I have started (and abandoned) countless side projects over the years. Usually, they are unplanned, and coded off the cuff. And, usually, they never see the light of day.

Girl robot writing code on a large screen

And, that's actually fine. Side projects, for me, are a way to play with new tools, explore creative ideas, and advance my learning. And yet, there is a certain level of dissatisfaction with never completing anything.

Furthermore, part of growing as a software engineer is learning how to manage projects to completion. It's learning how to budget time and resources and actually ship a product. But, at work, I don't always have access to the administrative side of the tools we use for planning and change management. So, what better way to build up my skills than to add a bit of discipline to my extracurricular coding?

Another factor is brought up by this great talk by Simon Willison, where he advocates extensive documentation of side projects to facilitate context switching and managing many projects at once.

A girl robot juggling laptops

To that end, I'm playing with a personal Jira account.
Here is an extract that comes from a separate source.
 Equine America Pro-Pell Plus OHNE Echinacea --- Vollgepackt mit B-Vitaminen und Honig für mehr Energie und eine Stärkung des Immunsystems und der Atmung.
I'm configuring road maps for my projects with a series of epics for the various project parts. I've connected Jira to Github, and am playing with setting up my own CI pipeline using actions.

I'm treating the "work" I'm doing in a more disciplined manner, but still allowing myself to play and have fun while doing so.

I find Test Driven Development on these little projects to be quite satisfying. The red/green cycle of getting the tests passing is a dopamine hit like nothing else.

I'm using linting and code standards now to enforce cleaner code. But, because it's MY code, I get to pick the standards - and I get to pick my toolset.

I also get to do things like writing my documentation in markdown, and keeping it committed with the code, and other little things I wish we did at work. It's a bit like 'playing business' like we played house or school when we were kids. I'm finding that doing these things because I want to and not because somebody dictated it makes it more fun to learn best practices.

I honestly do not know if this practice will help me actually complete a side project. But, I do know it's helping me become a better developer. I have a better understanding of what our tool chain can do. And, I think I'm writing better code because of it.